TASK BRIEF ▸
Each line of the data below between the one containing "PyTorch is a" and the one containing "There must be", both included, is to be repeated exactly. Please omit pictures.

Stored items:
Content starts
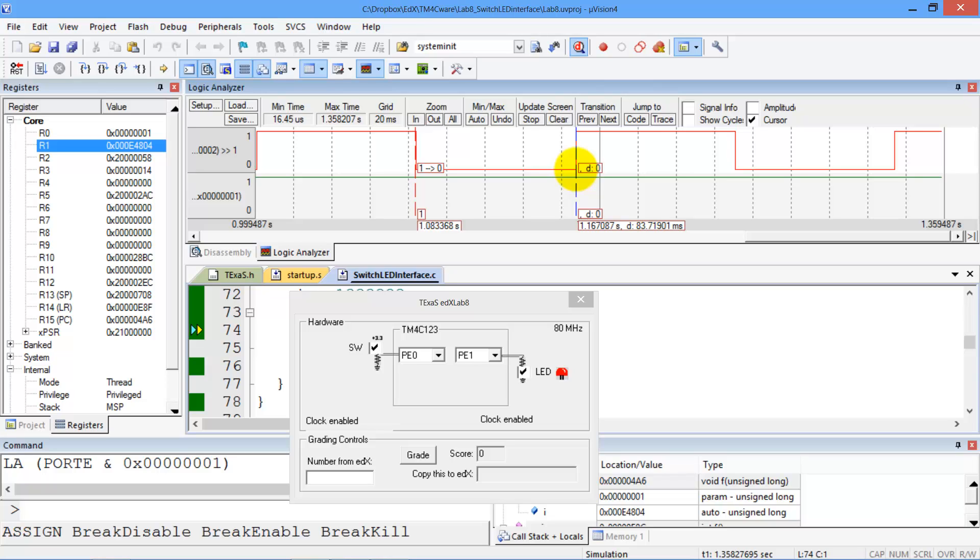John what does this say? 83 milliseconds. Perfect. That's perfect so now you try it.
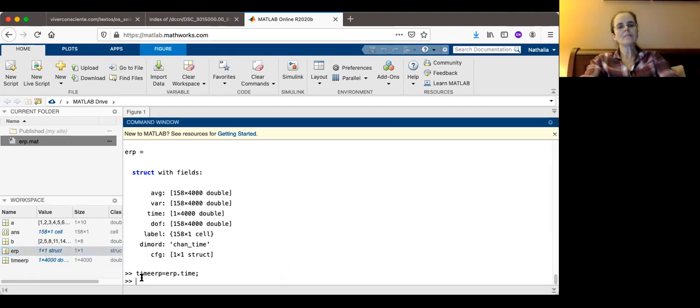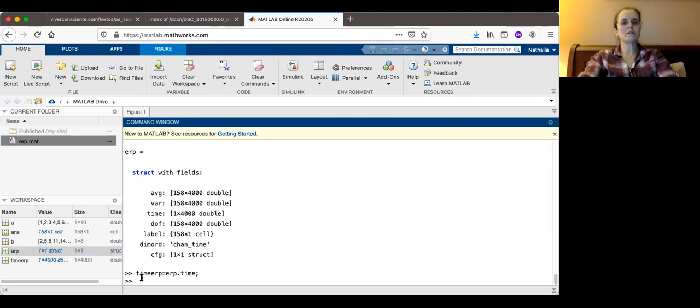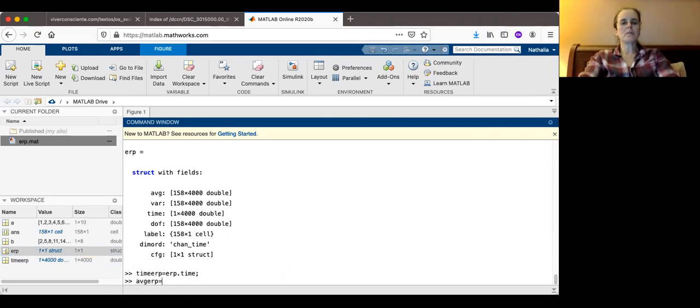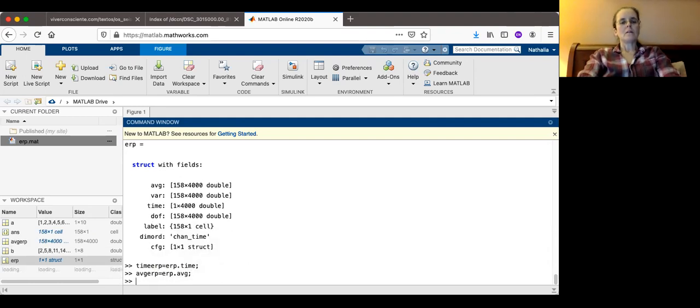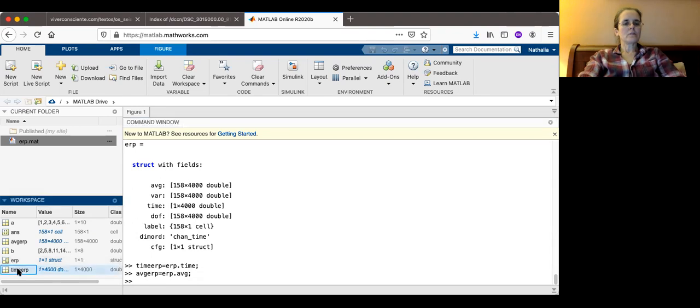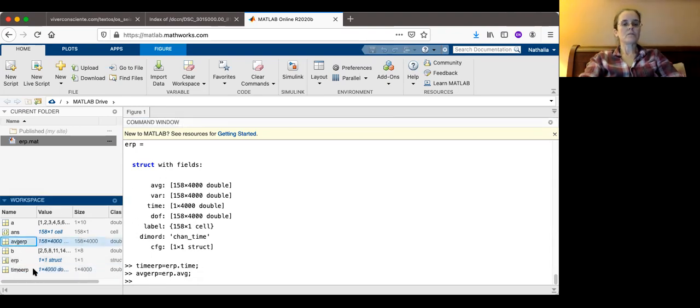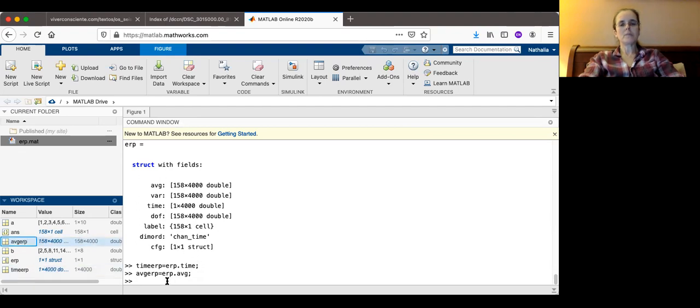This new variable is one times 4000 double. So it's just numbers. The structure is a sequence of numbers and tables and cell arrays in this case. Now the second thing I'm going to extract from this structure is the average. Average ERP will be ERP dot average. And now again, here there should be average ERP. Actually, I should have called this the other, some other number, my name.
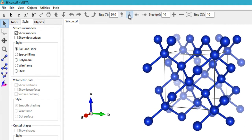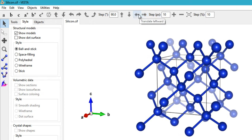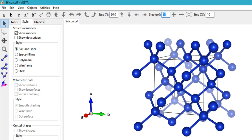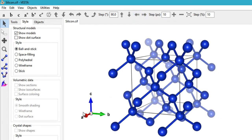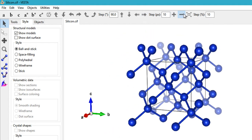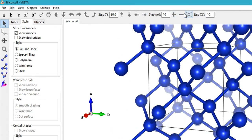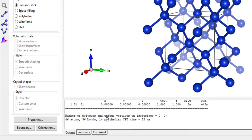You can translate the crystal upwards and downwards, and also leftwards and rightwards. You can set the step width in pixels. I tend to translate the crystal near the axis and then take a snapshot for research papers. You also have a zoom-in button, zoom-out button, a fit-to-screen button, and a step width setting. That covers the upper toolbar.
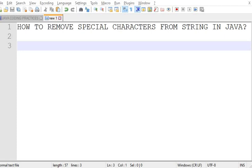Hello, welcome to this channel Gain Java Knowledge. Today in the Java problem solving series, we are going to discuss how to remove special characters from a string in Java.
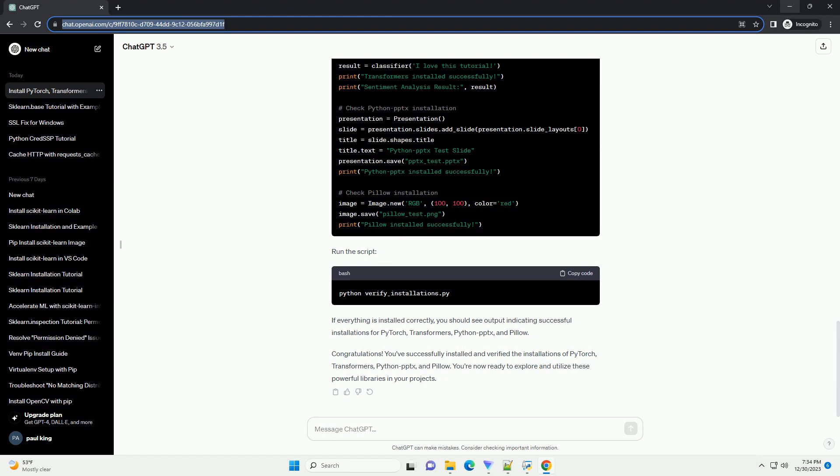PyTorch is a popular deep learning library. To install it, visit the official PyTorch website, https://pytorch.org/get-started/locally, and select the appropriate installation command for your system. For example, to install PyTorch with CUDA support, GPU, you can use the following command.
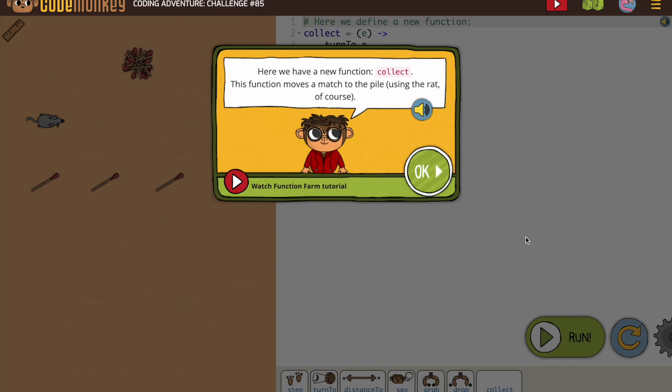Now that we've been using the goTo function, we're actually going to now create a new function. So our directions tell us, here we have a new function, collect. This function moves a match to the pile using the rat, of course.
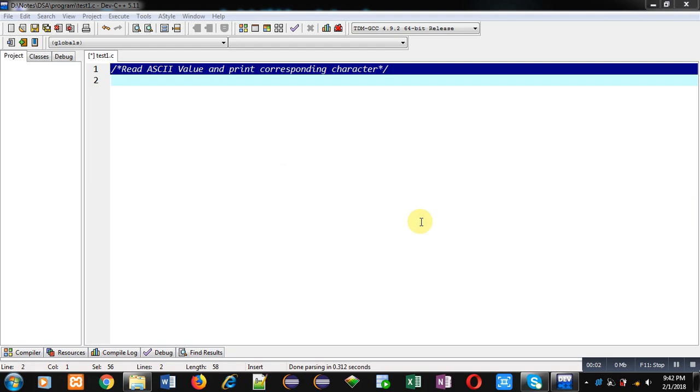Hello friends, I am Sanjay Gupta. In this video I am going to demonstrate how you can read ASCII value from user and print its corresponding character.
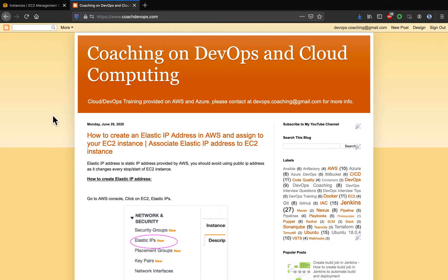Hello folks, welcome back. This is a quick video. We are going to learn how to create an elastic IP address in AWS and then assign it to your EC2 instance. So elastic IP address is nothing but a static IP address capability provided by AWS.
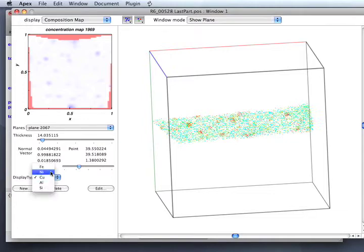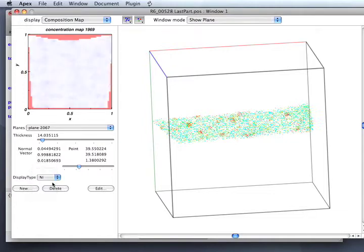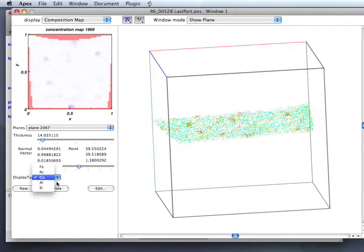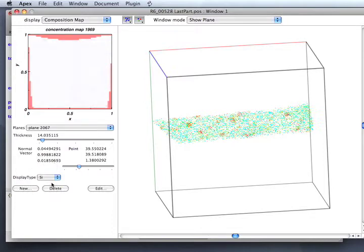Then we can show nickel. We can show aluminum. The aluminum and the copper precipitates are correlated.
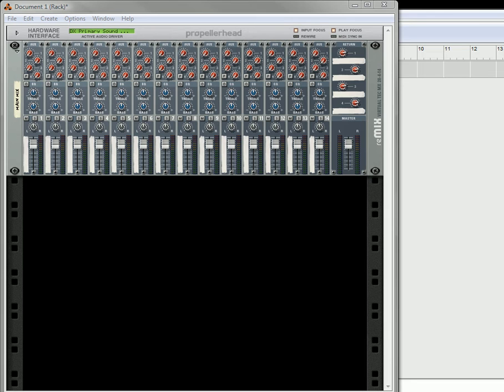Hi there, this is Rob at Reason101.net and I'm here to show you a basic tutorial about how to use the RPG-8 Monophonic Arpeggiator in Reason 4 and above.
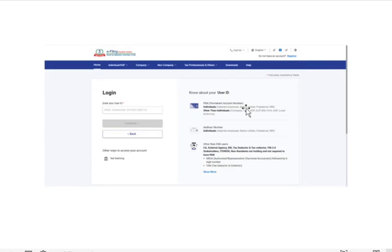Hi guys, welcome to my video. Today I'm going to walk you through how to generate EVC, which is the Electronic Verification Code, for your income tax filing on the Income Tax India portal through net banking.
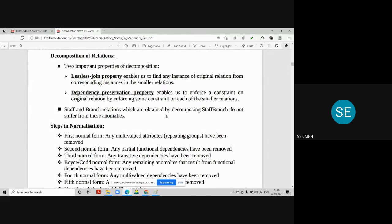There must be some dependency between the tables for you to be able to join them — that property is called dependency preservation. Any table that does not have a primary key or foreign key relationship to the current database will not satisfy the dependency preservation property.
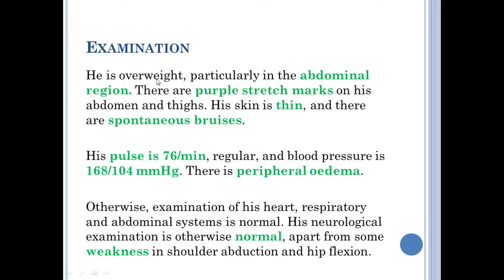On examination, we found that he is overweight, particularly in the abdominal region. He has purple stretch marks on his abdomen and thighs. His skin is thin and he has spontaneous bruises. His pulse is regular and normal at 76 beats per minute. His blood pressure is high at 168 over 104 mmHg, and there is peripheral edema found.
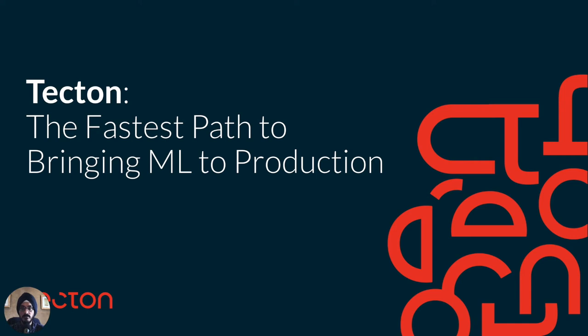Thanks for taking the time to watch a quick overview and demo of Tecton. Today, we'll show you how Tecton enables you to simplify the creation and management of your machine learning features and deploy them to production quickly and reliably.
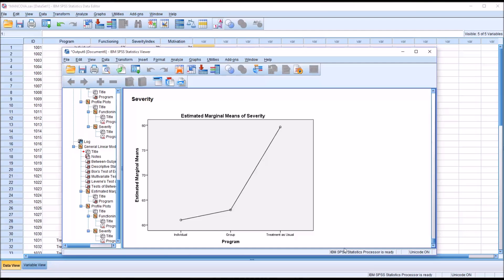And then you can see for severity, individual and group both worked pretty well. Treatment as usual, not as well by comparison. But again, it was not statistically significant, the finding.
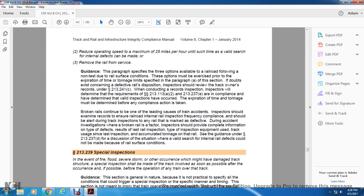This paragraph specifies three options available to the railroad following a non-test due to rail surface condition. The option must be exercised prior to the expiration of the time limit specified in paragraph A of the section. If there are existing defective railroad dispositions, the inspector should review the track owner's records under statute 213-241C. The conducting record inspector determines whether the requirements of sections 213-130A2 and 213-237E are in compliance, that a valid inspection has occurred, and the expiration of time limits has been addressed.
Content ends
RESULT FOR THIS EXERCISE ▸
PyTorch is a popular deep learning library. To install it, visit the official PyTorch website, https://pytorch.org/get-started/locally, and select the appropriate installation command for your system. For example, to install PyTorch with CUDA support, GPU, you can use the following command.
Now that we've been using the goTo function, we're actually going to now create a new function. So our directions tell us, here we have a new function, collect. This function moves a match to the pile using the rat, of course.
Hello friends, I am Sanjay Gupta. In this video I am going to demonstrate how you can read ASCII value from user and print its corresponding character.
Hello folks, welcome back. This is a quick video. We are going to learn how to create an elastic IP address in AWS and then assign it to your EC2 instance. So elastic IP address is nothing but a static IP address capability provided by AWS.
Then we can show nickel. We can show aluminum. The aluminum and the copper precipitates are correlated.
Hi there, this is Rob at Reason101.net and I'm here to show you a basic tutorial about how to use the RPG-8 Monophonic Arpeggiator in Reason 4 and above.
Hi guys, welcome to my video. Today I'm going to walk you through how to generate EVC, which is the Electronic Verification Code, for your income tax filing on the Income Tax India portal through net banking.
There must be some dependency between the tables for you to be able to join them — that property is called dependency preservation. Any table that does not have a primary key or foreign key relationship to the current database will not satisfy the dependency preservation property.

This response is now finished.